▸ **WHAT YOU WILL DO**: Take the entries below and reproduce exactly the portion that begins at the line containing "Disewakan Apartemen Oak" and ends at the line containing "Η τρομερή Τσεχία του 96’", keeping both ends, dropping pictures, and adding nothing else.

▸ **SUPPLIED MATERIAL**:
┄┄┄┄┄┄┄┄┄┄
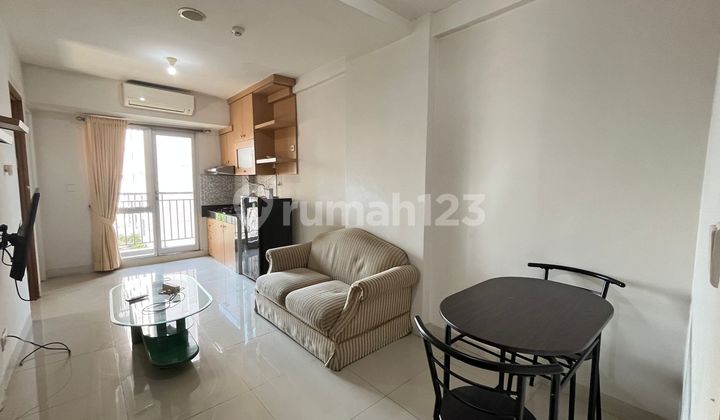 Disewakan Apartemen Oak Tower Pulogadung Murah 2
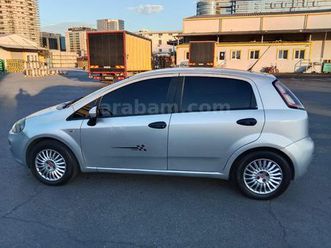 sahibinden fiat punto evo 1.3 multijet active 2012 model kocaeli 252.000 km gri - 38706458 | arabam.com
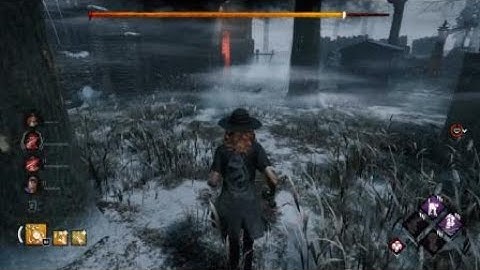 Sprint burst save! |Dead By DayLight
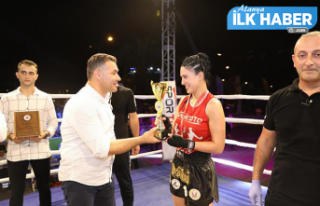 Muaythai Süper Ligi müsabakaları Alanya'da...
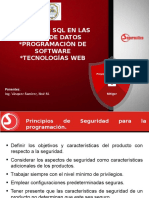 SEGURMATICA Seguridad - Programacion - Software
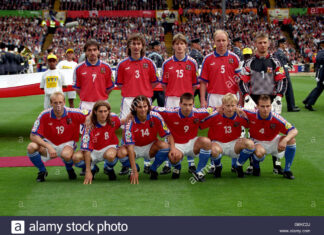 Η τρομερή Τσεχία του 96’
┄┄┄┄┄┄┄┄┄┄
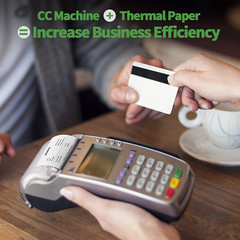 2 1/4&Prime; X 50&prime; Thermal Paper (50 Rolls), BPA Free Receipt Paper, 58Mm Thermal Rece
┄┄┄┄┄┄┄┄┄┄
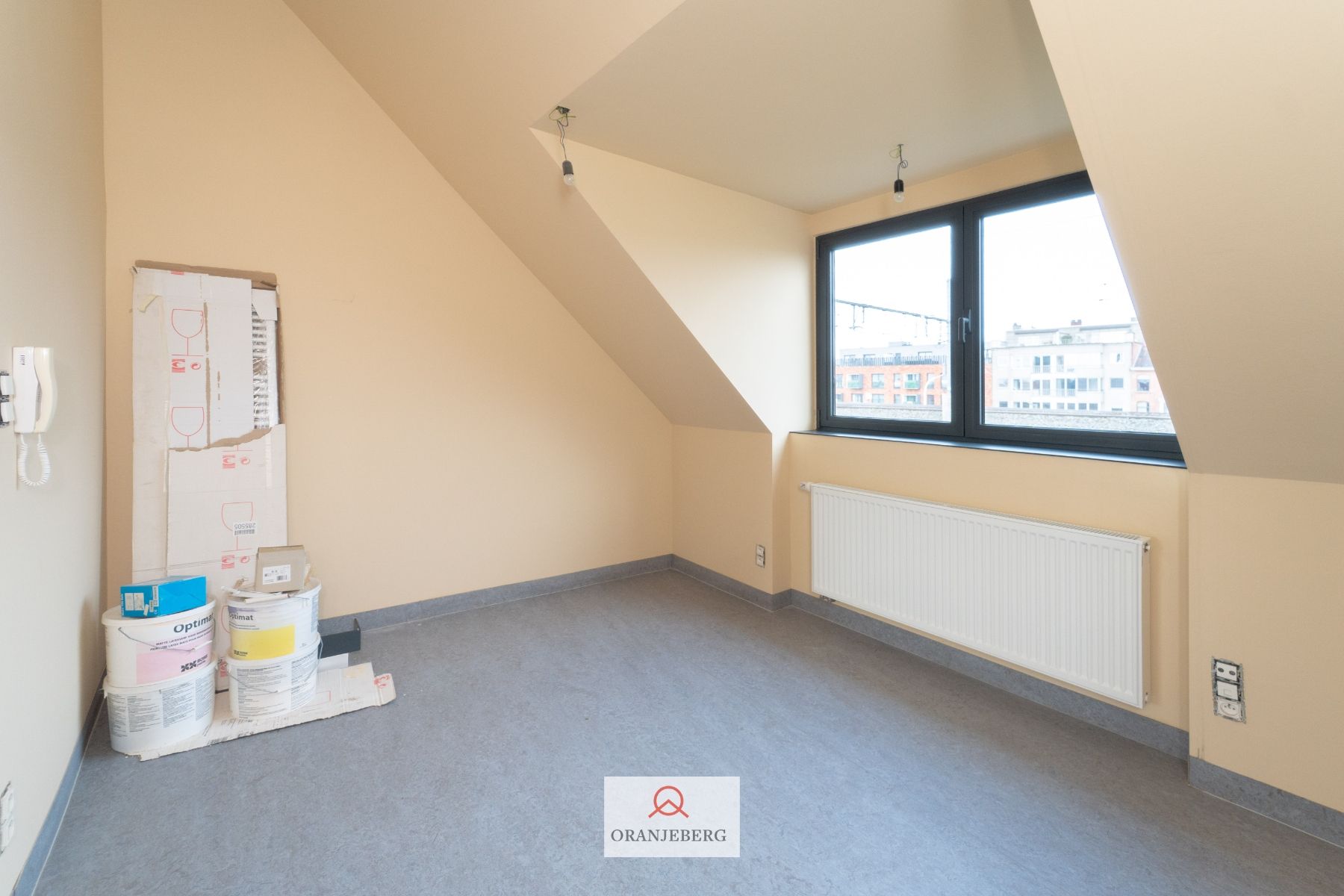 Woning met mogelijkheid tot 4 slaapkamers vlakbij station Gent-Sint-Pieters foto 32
┄┄┄┄┄┄┄┄┄┄
▸ **YOUR RESPONSE**:
 Disewakan Apartemen Oak Tower Pulogadung Murah 2
 sahibinden fiat punto evo 1.3 multijet active 2012 model kocaeli 252.000 km gri - 38706458 | arabam.com
 Sprint burst save! |Dead By DayLight
 Muaythai Süper Ligi müsabakaları Alanya'da...
 SEGURMATICA Seguridad - Programacion - Software
 Η τρομερή Τσεχία του 96’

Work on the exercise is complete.